→ **What to work on**
In the material below, find the line containing "Western Province Governor" and the line containing "Afghan journalists are". Output those two lines and all lines between them exactly, without pictures.

^^^^^^^^

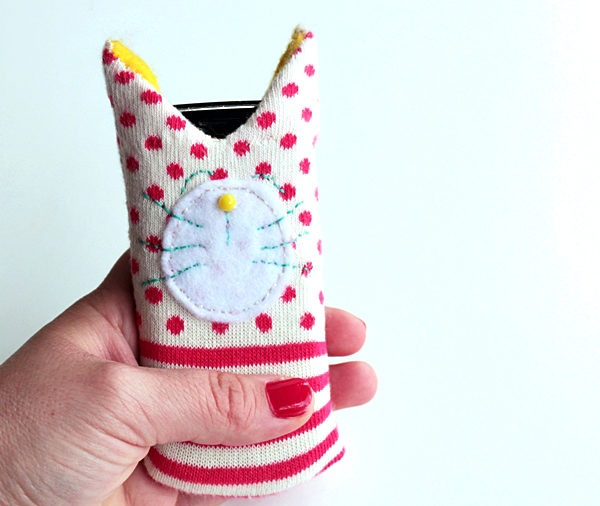 Speaking of cats, how cute is this <a href="http://crafts.tutsplus.com/tutorials/from-sock-to-sleeve-make-a-cute-cat-cover-for-your-phone--craft-9804" target="_blank">phone holder</a>?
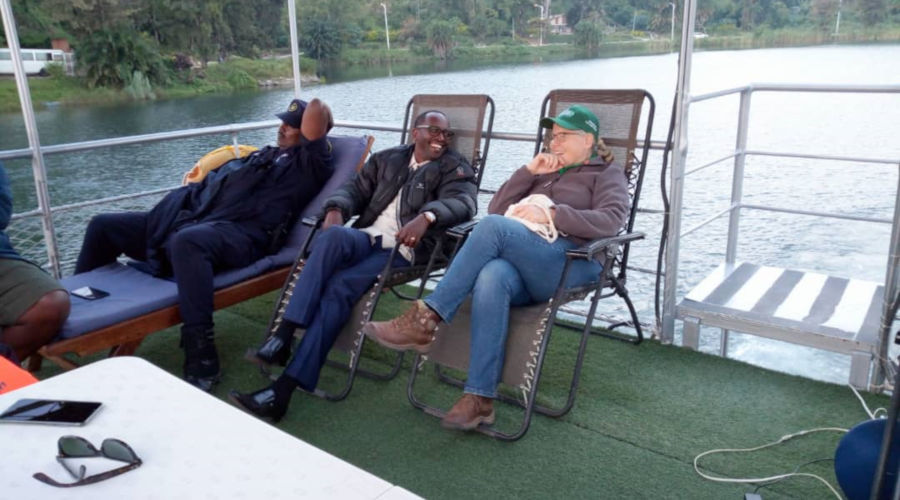 Western Province Governor Alphonse Munyentwari (C) chats with a tourist on a trip to Lake Kivu, Karongi District. / Ru00e9gis Umurengezi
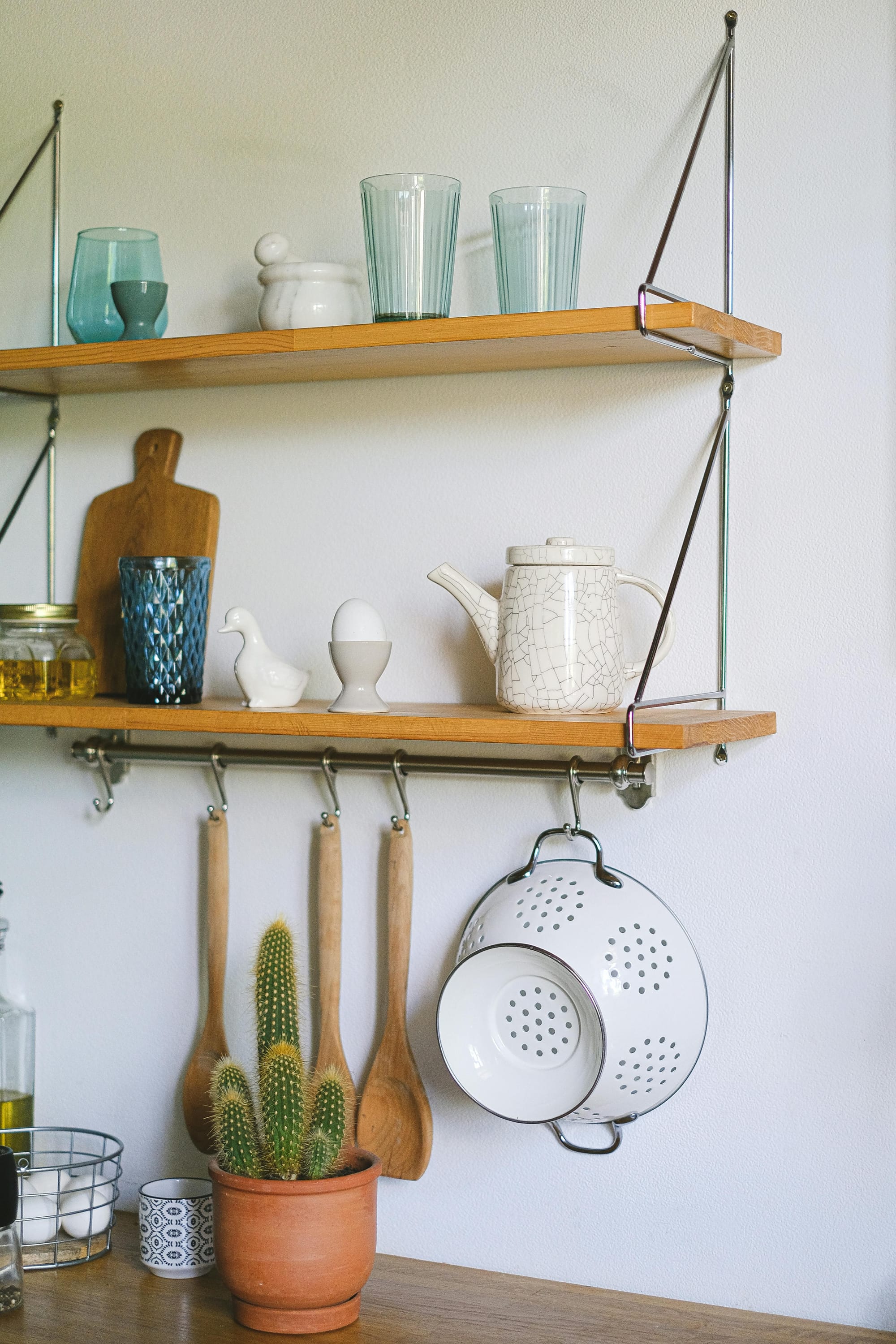 Colander self-watering planter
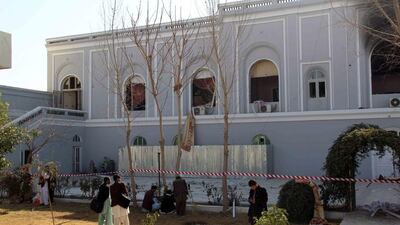 Afghan journalists are pictured at the site of the bomb blast that targeted the governor's guesthouse in Kandahar, Afghanistan, on January 11, 2017. Muhammad Sadiq/EPA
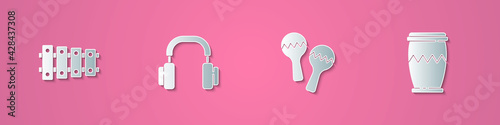 Set paper cut Xylophone, Headphones, Maracas and Drum icon. Paper art style. Vector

^^^^^^^^

→ **Result of this task**
 Western Province Governor Alphonse Munyentwari (C) chats with a tourist on a trip to Lake Kivu, Karongi District. / Ru00e9gis Umurengezi
 Colander self-watering planter
 Afghan journalists are pictured at the site of the bomb blast that targeted the governor's guesthouse in Kandahar, Afghanistan, on January 11, 2017. Muhammad Sadiq/EPA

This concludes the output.